As the ship set sail Nero smiled to himself. He had had the vessel so constructed that it would sink in the middle of the lake.

It did, but Agrippina managed to swim to the shore and safety. She realised well enough that this must have been a plot by her son, but thought it best to feign ignorance. She sent a messenger to Nero, informing him that she had been saved.

But for Nero there was now no turning back. He put out the story that his mother had plotted to murder him, that the messenger was the would-be assassin, and he sent a party of sailors to the lake-side villa where his mother was sheltering, and there they murdered her.

Yet for all Nero’s frantic propaganda Rome was a city of whispers, all directed against the emperor. Satirical lampoons were broadcast about him and Rome was ready to believe anything of Nero, the more evil the better.

They were more than ready to believe that on the night of 18th July, A.D. 64 when the first flames began to lick the might of Rome, Nero calmly watched it all from the Tower of Macenas, and that, as the panic spread through the streets below, he was reciting one of his own poems, the Sack of Troy.

Well, what really happened that night?
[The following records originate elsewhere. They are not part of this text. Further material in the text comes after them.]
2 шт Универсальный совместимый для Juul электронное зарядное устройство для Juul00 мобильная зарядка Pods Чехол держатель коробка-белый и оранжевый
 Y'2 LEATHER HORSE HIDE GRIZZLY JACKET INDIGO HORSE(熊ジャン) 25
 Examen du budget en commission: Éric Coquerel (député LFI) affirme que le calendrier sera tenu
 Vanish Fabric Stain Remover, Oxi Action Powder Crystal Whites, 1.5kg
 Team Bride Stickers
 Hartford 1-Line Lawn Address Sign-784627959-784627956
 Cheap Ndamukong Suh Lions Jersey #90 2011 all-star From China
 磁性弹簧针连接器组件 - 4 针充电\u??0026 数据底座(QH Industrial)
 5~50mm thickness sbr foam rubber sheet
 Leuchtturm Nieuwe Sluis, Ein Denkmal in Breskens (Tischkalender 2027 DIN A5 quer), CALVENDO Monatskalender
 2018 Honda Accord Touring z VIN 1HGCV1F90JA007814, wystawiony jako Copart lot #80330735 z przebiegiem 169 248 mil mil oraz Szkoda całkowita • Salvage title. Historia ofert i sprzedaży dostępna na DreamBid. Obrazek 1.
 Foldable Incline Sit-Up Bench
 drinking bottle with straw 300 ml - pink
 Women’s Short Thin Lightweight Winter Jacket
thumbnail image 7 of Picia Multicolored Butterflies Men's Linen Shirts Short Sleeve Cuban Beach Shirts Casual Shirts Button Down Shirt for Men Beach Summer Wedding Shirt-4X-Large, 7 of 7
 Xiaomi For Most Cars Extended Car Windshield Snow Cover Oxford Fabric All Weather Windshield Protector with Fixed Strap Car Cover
Nero was, in fact, at Antium on holiday.

He was, it would be safe to suggest, just settling down to yet another gay night when a messenger, his horse lathering from the hard, fast ride, arrived to inform him that a fire had broken out in Rome and was out of control.

Nero was on his feet at once. His concern was not so much for the populace, as for the many fine buildings and treasures of art with which the city abounded.

As he arrived in Rome the night was suffused with the angry glow of a great fire. The Circus Maximus seemed to be the seat of the outbreak and Nero hurried there, directing the fire-fighting and arranging for relief organisations.

It was of little avail. The great fire of Rome raged for nine days. Looting and murdering mobs ran wild through the streets. Panic took hold of the citizens as the mighty Temple of Jupiter crumbled before the flames to be followed by the temples of Nesta and Diana.

There were thousands of homeless people, angry people, people looking for somebody to blame for their misfortunes. Well, who better than that decadent ruler, the tyrant Nero himself?

His enemies, of which he was not short, lost no time in putting about the story that Nero himself had not only watched the fire, but had started it because – and this was a masterful allegation – because he wanted to rebuild the city in the style which HE fancied.

But although history condemns Nero and his reign, there is no historical evidence for laying the crime of arson at Nero’s door. First of all there was a full moon that night the fire started – not the sort of night a fire-bug, even of such an exalted status as Nero – would choose for his work.

Second, if Nero had started the fire, it seems unlikely he would have advertised the fact by climbing a a tower to obtain a better view of it all.

Still, the story was believed in Rome, and hostility towards Nero increased, despite the fact that he did his best to distract the attention of the populace by throwing Christians to the lions and using them as human torches for the athletic games.

On 9th July, A.D. 68, with his enemies closing in on him, and faced with a rebellion among his own troops, Nero took his own life.

It is one of the ironies of history that of all the crimes he committed, he was not guilty of the one for which he is remembered, that of fiddling while Rome burnt.